Wednesday, June 02, 2010

Sabotaging Your IT Team, Straight From 1944.

Today I ran across a highly entertaining post on Volokh which links to a manual on sabotage used during World War II. Most of the stuff in the manual is standard stuff, fires, blowing up machinery, etc. However, the really entertaining stuff begins on page 28, which is the "corporate" section. It details how to cause corporations to drive to a halt.

There are many other blogs that could dissect and twist this into any number of ways. Most of them have noticed how government tends to follow all of the recommendations as standard operation procedure. But since this is a blog which has primarily focused on programming, I'll spin this towards Agile/Lean project methodologies and the old Waterfall standby. And some of this I'll just spin towards IT in general.

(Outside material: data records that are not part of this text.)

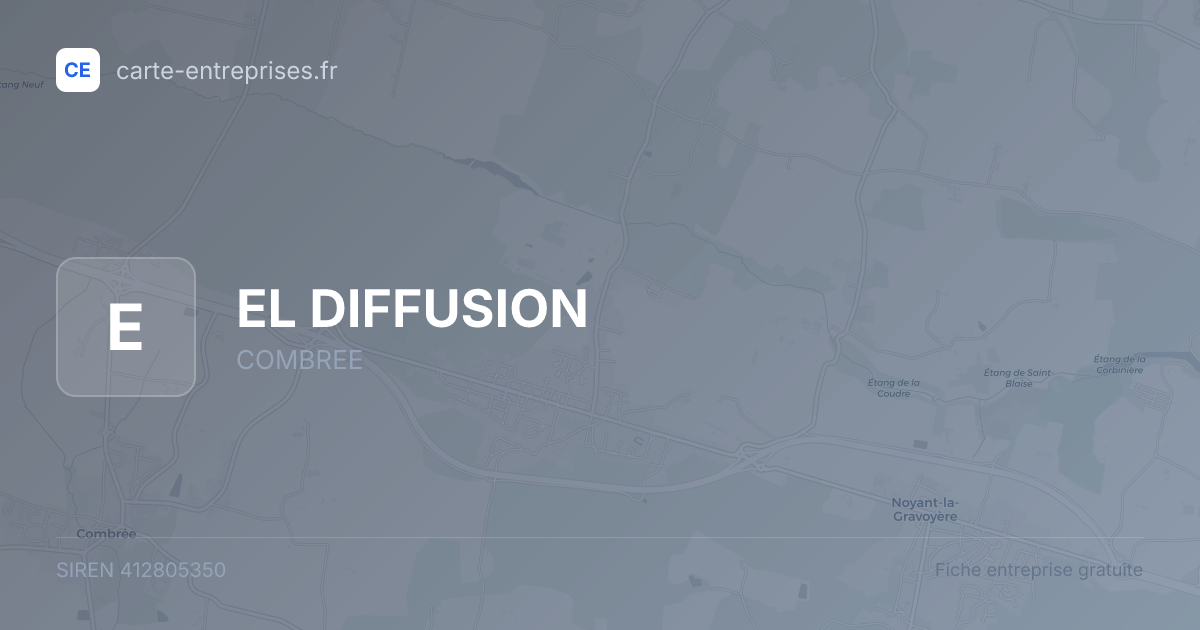 EL DIFFUSION — 412805350 — fiche entreprise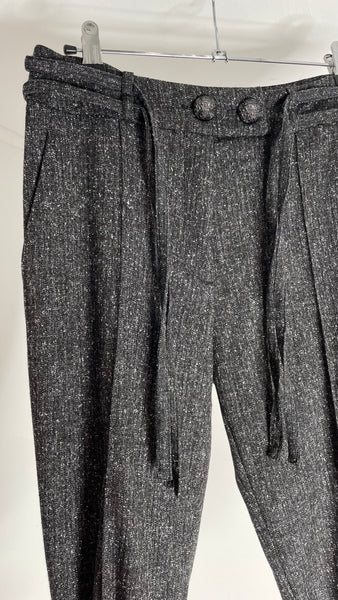 Charcoal Capri Pants 36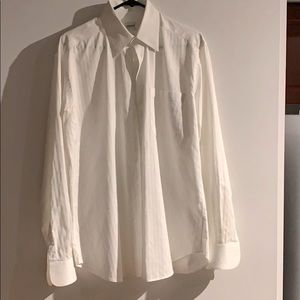 Armani white dress shirt like new!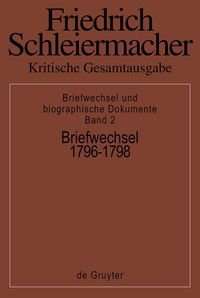 Produktbild: Briefwechsel 1796-1798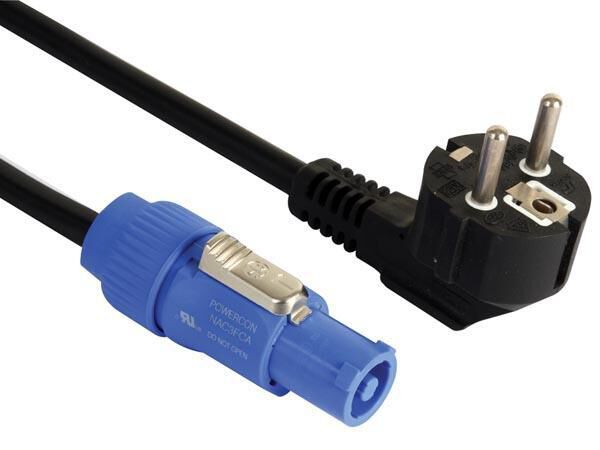 Product thumbnail KABEL MET SCHUKO- NAAR POWERCON-CONNECTOR 230V - 5m - PVC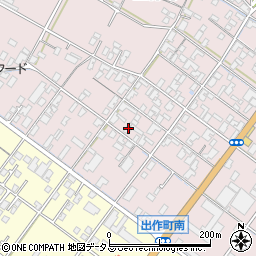 香川県観音寺市出作町444周辺の地図
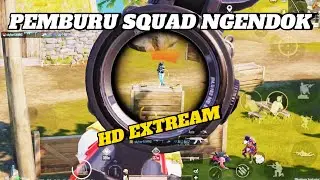 FULL RUSH MEMBURU SQUAD NGENDOK ‼️ Xiaomi Pad 6 PUBG Gameplay HD EXTREAM 🔥🔥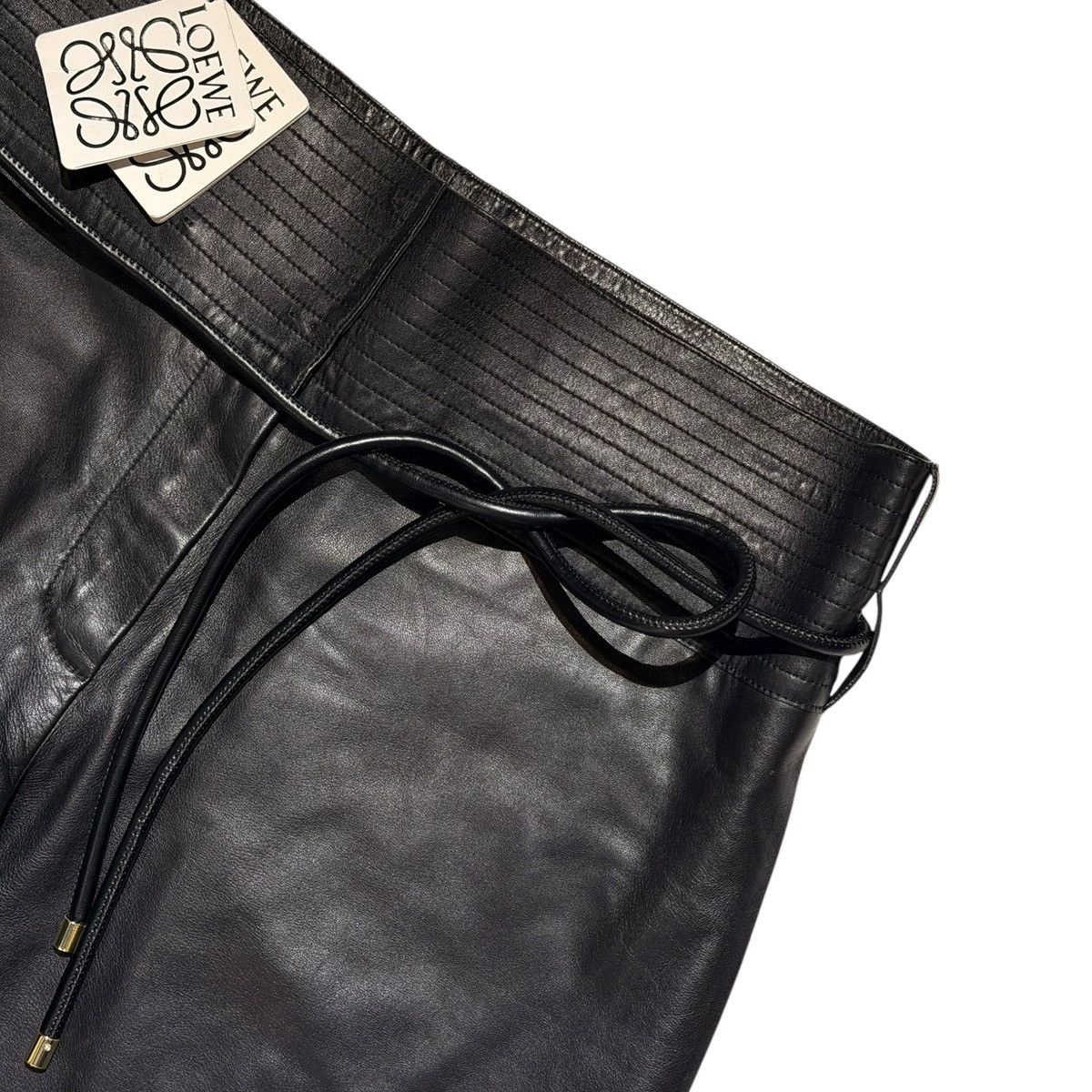 Loewe $5,150 belted leather trouser Size US 33 - 3 Thumbnail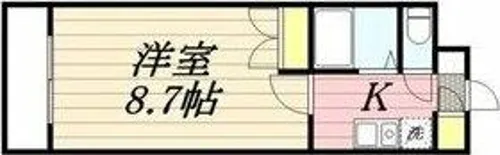 セラピー梅光園【4階】の間取り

So open up the PDF and skip ahead to page 28 of the Simple Sabotage Field Manual (page 32 in the PDF) and lets enjoy the mayhem. Some of these are a bit harder to connect, but they're spinnable, and what's the fun without spin?

Step a-1: Insist on using "channels". No changes to your project to deliver what is actually needed when you notice it. No team authority. Push your request up, get the change orders done, then work like hell to make it happen.
Step a-2: Make speeches. You know the guy who rolls into a project tells you you're doing it all wrong, and your management listens and tells you to do it a different way? That's this step.
Step a-3: Refer matters to committee. Same as a-1.
Step a-4: Bring up irrelevant issues. Attempting to change work in the middle of a development iteration/sprint. Unless you've got a major production outage, the issue can wait until the end of your work cycle.
Step a-5: Haggle over precise wording. This is more of a problem when you cannot get good copy up front. It can delay your work in waterfall and agile, so this one is just bad all around.
Step a-6: Reopen closed issues. Reopening the design of the system without a major problem that you actually need to solve. Creating more work for works sake, not because there's debt to be paid off.
Step a-7: Advocating "caution". Extra concern raised due to the unknown. This is bad for a team since it reduced the confidence to achieve success.
Step a-8: Be worried about authority to make a decision. Being afraid to make a decision since you might not have authority. You should have authority. This is similar to a-1, a-3.
Step b-1: Demand Written Orders. Well, we all need specs, but in Agile/Lean, we're getting those as we need them. We don't require the entire system be specified.
Step b-2: Misunderstand Orders. Quibbling over specs. This seems to occur when the business is not involved and rolls in several months down the line and says this isn't what they needed. Eliminate using Show and Tells.
Step b-3: Don't deliver until completely ready. Big Bang approach to delivery of software. Yep, that's Waterfall.
Step b-4: Don't order new working stocks until completely gone. This is what is known as Kanban isn't it? Pull work into the queues. There is no pull, only the schedule.
Step b-5: Order high quality materials which are hard to get. I'll change this one. Order expensive software/hardware that require expensive maintainence contracts. Especially when there's a well maintained open source project that your company could fund 2 developers to work on full time at a much lower cost.
Step b-6: Don't prioritize properly. When the business does not work with the development team to prioritize features, then the wrong thing gets prioritized by one of the two parties involved.
Step b-7: Insist on being perfect. Misuse of metrics. Insisting on 100% code coverage, zero issues in your quality checks as though it will eliminate Technical Debt. It won't. It will just make you move slower and ignores fixing the most expensive debt.
Step b-8: Mistakes in routing. Sorry I got nothing here.
Step b-9: Give trainees misleading instructions. This is more of a problem of new programmers not given enough time to gel into the new team. Train them through pair programming.
Step b-10: Be pleasant to ineffective workers, give them promotions. Um, Dilbert cornered the market on this one.
Step b-11: Hold conferences when there's important work to be done. Eliminate meetings. Prime Agile/Lean principle.
Step b-12: Multiply paper work. Unnecessary documentation for sure, but also poor technical design which doesn't allow for code reuse.
Step b-13: Multiply procedures. Too many people required to approve change controls, code sign off. Increased bureaucracy. Agile, Lean, ITIL, even Six Sigma applied to software have reduced these issues. And more than likely, unless their a micromanaging jerk, the upper management doesn't want to be that involved.
Step b-14: Apply all regulations to the last letter. Ever have a simple problem in a production install. Say a test property file was installed instead of production and the entire project is backed out rather than let the team fix the problem on the fly? Yeah, me too.


There's more comedy gold in here, but since I like to blog by the seat of my pants without editing, I need to stop. Heck, I've got a 1pm meeting to attend that is, well...let's just say that a-1, a-4, a-5 are to blame for this b-11.